Records from a dataset
##############################

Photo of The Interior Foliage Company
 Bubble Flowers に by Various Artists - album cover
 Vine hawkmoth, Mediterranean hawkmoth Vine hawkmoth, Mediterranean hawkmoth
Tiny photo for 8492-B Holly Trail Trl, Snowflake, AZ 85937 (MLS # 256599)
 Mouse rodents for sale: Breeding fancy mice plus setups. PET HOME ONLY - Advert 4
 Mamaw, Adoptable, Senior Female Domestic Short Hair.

##############################

**TASK:** Write every entry out again, exactly as it stands.

**WORKED SOLUTION:**
Photo of The Interior Foliage Company
 Bubble Flowers に by Various Artists - album cover
 Vine hawkmoth, Mediterranean hawkmoth Vine hawkmoth, Mediterranean hawkmoth
Tiny photo for 8492-B Holly Trail Trl, Snowflake, AZ 85937 (MLS # 256599)
 Mouse rodents for sale: Breeding fancy mice plus setups. PET HOME ONLY - Advert 4
 Mamaw, Adoptable, Senior Female Domestic Short Hair.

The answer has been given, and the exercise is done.